You need to protect any personal data your enterprise collects. Tokenizing data is one way to stay in compliance with GDPR.

In the first two parts of this series we examined the six principles of the GDPR. In this final article, we'll look at how enterprises are protecting personal data to meet GDPR's requirements, including with tokenization technology.

For Further Reading:

GDPR's Impact on BI (Part 1 in This Series)

The 6 Pillars of the GDPR (Part 2 in This Series)

GDPR Forcing Organizations to View Data Strategically

When the GDPR is mentioned, the first thing that comes to mind may be "personal data" because that's what the GDPR is all about, protecting personal data. It's important to understand what, exactly, is meant by personal data.

We have to be very clear here because there is "personal data" and then there is "personally identifiable information" (popularly referred to as PII). Let's take them in reverse order.

  • Personally identifiable information is data that can be used to directly or indirectly identify a particular person. This consists of such data items as a person's name, address, email address, or phone number. For example:
  • John Doe, 27 First St., NY 12345

  • Personal data is data about the person and contains PII data. For example, this record is personal data:
  • John Doe, 27 First St., NY 12345, occupation bus driver, salary $41,000

    If we remove the PII data from this record, it no longer contains personal data. Instead, it becomes anonymous:

    Occupation bus driver, salary $41,000

This anonymous (or de-personalized) data could be used to analyze occupations and salaries and be GDPR-compliant.

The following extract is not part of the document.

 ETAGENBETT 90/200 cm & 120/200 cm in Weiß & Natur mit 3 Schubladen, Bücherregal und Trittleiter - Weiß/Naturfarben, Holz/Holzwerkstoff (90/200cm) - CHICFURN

In addition, you must consider sensitive personal information (SPI), often simply known as sensitive data. As the name implies, SPI data are facts about a person considered private. The GDPR lists specific items that are sensitive:

  • Racial or ethnic origin
  • Political opinions
  • Religious or philosophical beliefs
  • Trade union membership
  • Health/medical information
  • Sexual orientation
  • Genetic data
  • Biometric data that uniquely identifies an individual

Protecting Data: Two Approaches

What can you do if you want to collect and use personal data, and a group within your organization has a legitimate purpose to work with all data while another group only requires access to de-personalized information? There are two approaches. You can split the personal data and de-personalized data into two data marts, thus "anonymizing" the sensitive data for those who don't need it. Imagine splitting the bus driver data from our earlier example into a data mart with PII data and a different data mart with (now de-personalized) occupation and salary data.

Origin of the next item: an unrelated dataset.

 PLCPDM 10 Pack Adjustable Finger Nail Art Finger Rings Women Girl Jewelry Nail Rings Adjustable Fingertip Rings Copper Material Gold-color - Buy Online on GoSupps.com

The other option for complying with the GDPR is to de-personalize individual data elements so an enterprise can keep all its data in a single data mart. Because such a data mart contains personal data, it falls under GDPR's rules.

How to De-Personalize Data

Obfuscation (or obscuring) is a term used quite often in relation to the GDPR and "hiding" personal data. Obfuscation is a technique that makes data unrecognizable. "John Doe" becomes "hejn fed," for example. This can be destructive such that obfuscated data is unrecoverable (that is, the transformation is permanent) or non-destructive (the data can be recovered using a key or conversion table).

Tokenization is a form of non-destructive obfuscation. With tokenization, data is obscured but is recoverable via a special secure key. An example of this is credit card processing, where the credit card number is replaced in your data mart with a set of (seemingly) meaningless numbers and characters. The "real" credit card number is only available when the card processing company talks to the bank, at which point it is de-tokenized.

To tokenize or not to tokenize, that is the question. Excuse my corruption of Will Shakespeare, but I once worked on a BI project in Stratford-upon-Avon (Shakespeare's birthplace) and a muse of fire hast upon me descended.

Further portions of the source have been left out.